Os fabricantes de uma nova marca de papel higiênico preto de luxo no Brasil foram acusados ​​de racismo por usar o slogan “Black is Beautiful” como parte de uma campanha publicitária, protagonizada pela ruiva Marina Ruy Barbosa.

Batizado de “Personal Vip Black”, o papel promete trazer mais sofisticação e “um novo olhar para a decoração com diferenciação”. Foi lançado na segunda-feira (23/10)  pela empresa paulista Santher, com uma enorme campanha publicitária com a atriz nua, coberta pelas faixas da papel higiênico preto. A criação é da agência Neogama. Menos de 24 horas depois, as imagens do produto nas redes sociais já não usavam o slogan Black Is Beautiful  e uma foto de Barbosa vestindo o papel higiênico preto foi removida de sua conta Instagram.

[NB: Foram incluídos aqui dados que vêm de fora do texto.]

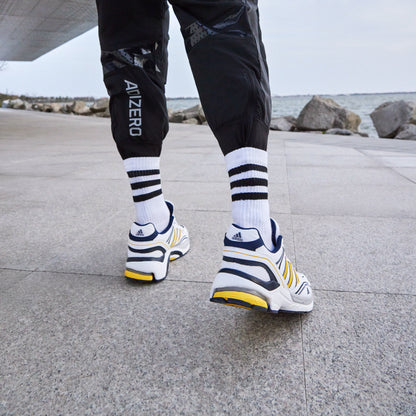 Adidas Spiritain 2000 Sneakers - White / Dark Navy / Yellow - view 2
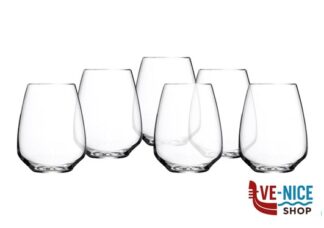 bicchieri e calici ATELIER - CONFEZIONE 6 BICCHIERI RESLING - TOCAI CL.40 10289-02 BORMIOLI LUIGI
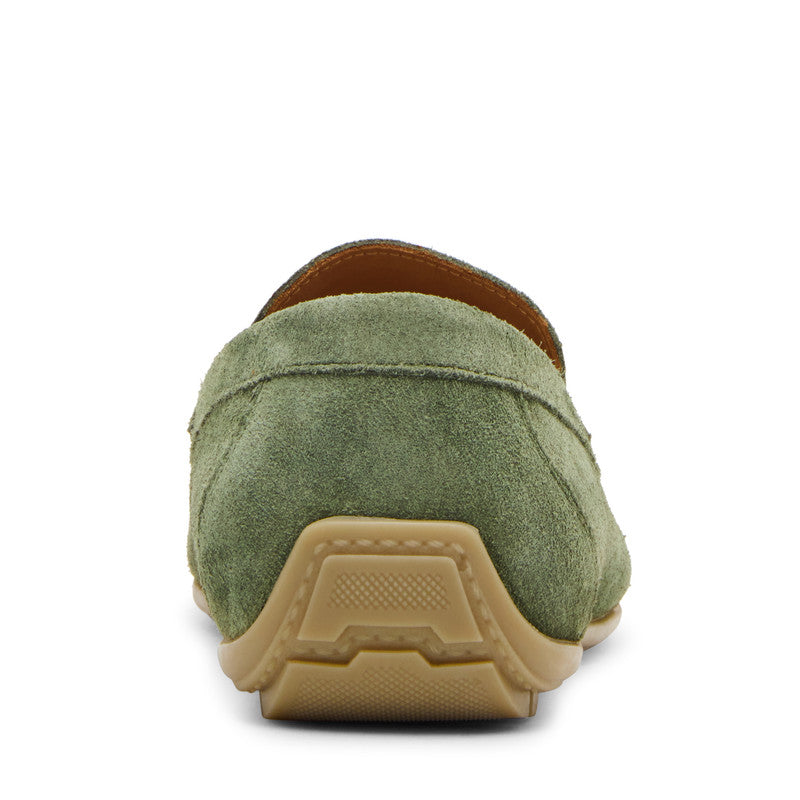 Piercce Men's Green Slip-Ons - view 4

O problema é que Black is Beautiful, nome também de uma música imortalizada pela cantora Elis Regina em 1971, é um movimento cultural que foi iniciado nos Estados Unidos na década de 1960 como reforço da autoestima contra a segregação racial que ainda era muito forte. Mais tarde se espalhou para além dos Estados Unidos como palavra de ordem para o Movimento de Consciência Negra de Steve Biko na África do Sul .

“As pessoas morreram para que esta expressão pudesse ser reverenciada até hoje. As pessoas continuam morrendo e essa expressão é mais importante e vital que nunca antes “, escreveu o escritor do Rio, Anderson França, no Facebook . “Mas no Brasil, se você inserir #blackisbeautiful você vai achar papel”.

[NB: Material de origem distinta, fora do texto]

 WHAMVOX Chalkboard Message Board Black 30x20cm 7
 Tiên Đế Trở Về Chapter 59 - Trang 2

O post de Anderson França foi compartilhado milhares de vezes e foi apenas uma das várias reações negativas que se espalharam pelas redes sociais já pouco depois do lançamento da campanha.

“No Brasil #Blackisbeautiful não é uma causa, agora [é] papel higiênico. Onde o preto vive? “, Escreveu um usuário do Twitter .

“Nós vemos o racismo em tudo ou você é convenientemente cego?”, reiterou outro

“Preto é lindo. A cor sempre foi considerada um ícone de estilo e refinamento “, disse a gerente de marketing da empresa, Lúcia Rezende, em um comunicado divulgado pelo site de notícias G1.

Humberto Adami, um dos principais advogados negros no Rio que preside a Comissão Nacional de Verdade da Escravidão Negra no Brasil , disse que a controvérsia foi a mais recente em uma série de incidentes envolvendo indústria de publicidade no Brasil. “Esses anúncios sugerem esse tipo de racismo subliminar”, disse Adami ao jornal inglês The Guardian.

Embora mais da metade da população do Brasil se identifique como raça negra ou mista, a publicidade e a televisão usam predominantemente rostos brancos para boa parte das campanhas, especialmente se for para reforçar algo positivo. Com informações do The Guardian e Adnews.